- Transitional justice – processes and mechanisms implemented by societies to come to terms with a legacy of massive human rights abuses. These include criminal accountability enforced by courts, truth-seeking efforts taken by non-judicial bodies, reparations and reform of laws and institutions.
- Reparations – a range of material or symbolic measures and benefits granted to victims, either individually or as a group, with a principal aim to rectify past human rights abuses. Proper reparations should consist of a balanced mix of different forms of reparations such as restitution, compensation, rehabilitation, satisfaction and guarantees of non-repetition.
- Restitution – restoring the victim, as far as possible, to a position occupied before the human rights violation occurred. This might necessitate restoring public infrastructure, or making their neighbourhoods safe to live in.
- Compensation – Providing economic resources to victims for loss suffered, including physical/mental harm, material damages, and lost opportunities. This can be done through a one-off sum or a lifetime income.
- Rehabilitation – The process of restoring victims´ physical and mental health, and social standing by continually offering medical, psychological, legal, social and other services.
- Satisfaction – A range of non-monetary or symbolic measures specifically designed to afford satisfaction to the victims beyond financial compensation. Memorialization of atrocities, identifying the remains of deceased persons or recognizing events as international crimes are some of the possible measures.

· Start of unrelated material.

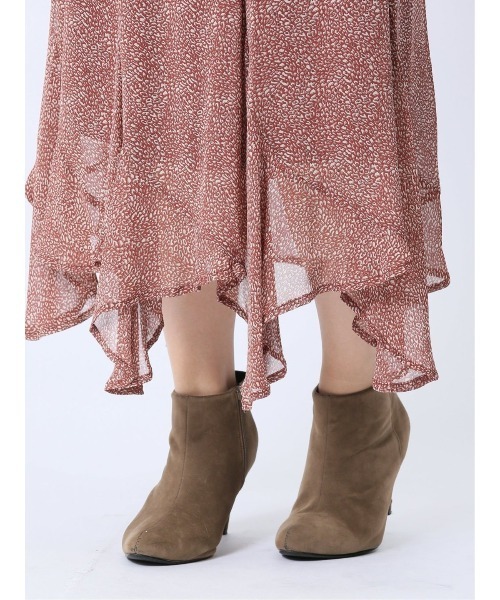 m.f.editorial（エムエフエディトリアル）の「【裏地付き ロング丈 ウエストゴム ウォッシャブル】m.f.エディトリアル レディース シフォン幾何柄 エスカルゴスカート（スカート・レディース・ダークウッド/ブラック・MEDIUM/LARGE）」の10枚目の写真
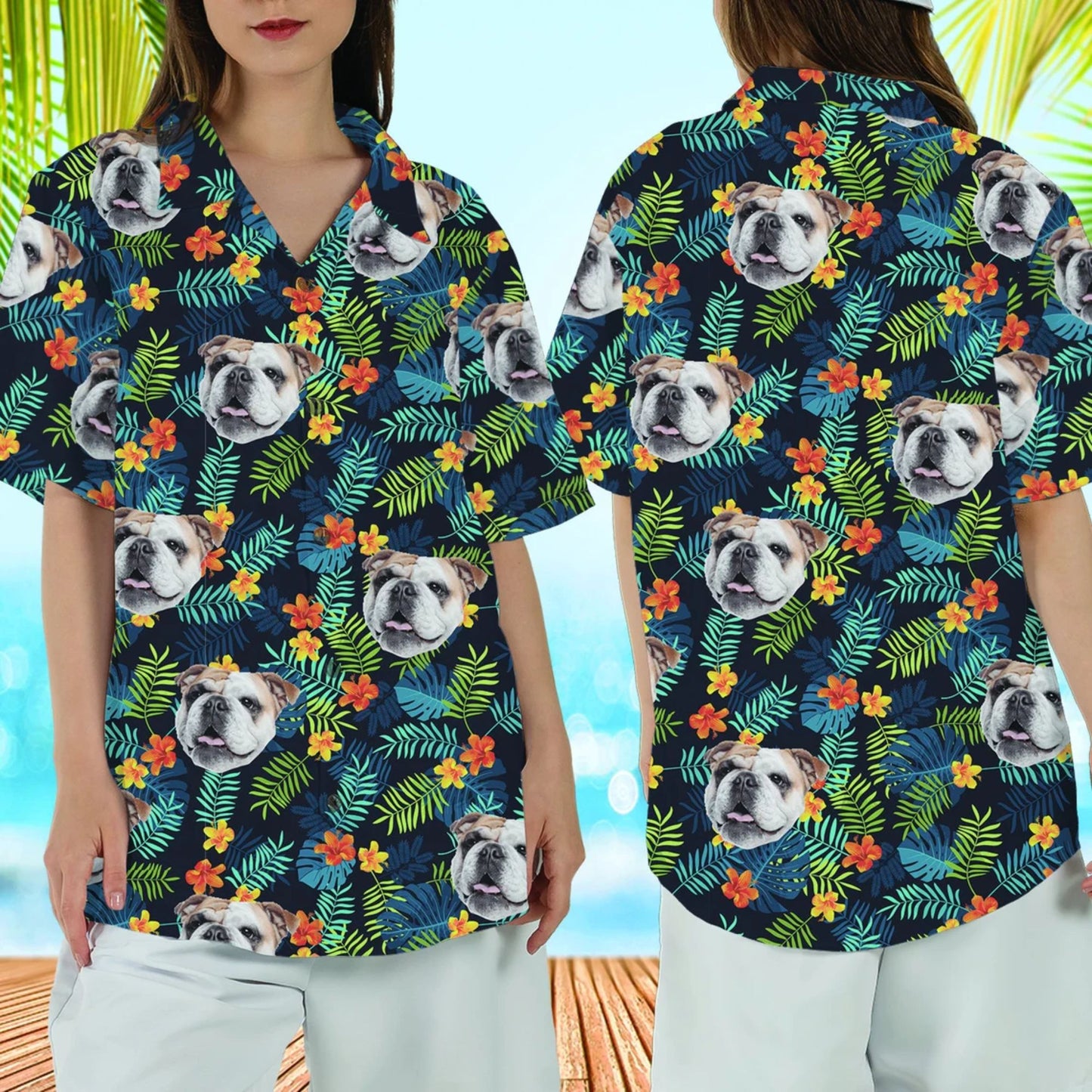 Personalisiertes Foto Hawaiihemd, Gesichtsurlaub Tropisches Musterhemd für Männer und Frauen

- Guarantees of non-repetition – a set of broader, usually institutional, measures seeking to ensure that similar atrocities do not happen again. These are crucial to providing assurance to victims who may fear retaliation or future harm.
- Gross human rights violations – are particularly severe and widespread violations of basic human rights. In lack of an internationally recognized definition the following violations, as well as the violations of comparable gravity, shall be considered gross human rights violations:
- Genocide;
- Summary or arbitrary killing;
- Enforced disappearances;
- Slavery and the slave trade;
- Prolonged and arbitrary detention;
- Use of child soldiers;
- Torture or cruel, inhuman, or degrading treatment or punishment;
- Crimes against humanity (defined in the 1998 Rome Statute of the International Criminal Court);
- Apartheid and systematic racial and religious discrimination;
- Conflict-related sexual violence (CRSV) (rape, sexual slavery, forced prostitution, forced pregnancy, enforced sterilization, or any other form of sexual violence of comparable gravity).
- Armed conflict – an armed confrontation between military forces of two or more states or between state forces and non-state armed groups or between such groups only of a certain intensity and level of organization.
- Victims – persons who individually or collectively suffered harm, including physical or mental injury, emotional suffering, economic loss or substantial impairment of their fundamental rights, including the immediate family or dependents of the direct victim.
- Three basic C4JR documents are position paper on reparations, founding charter and list of activities.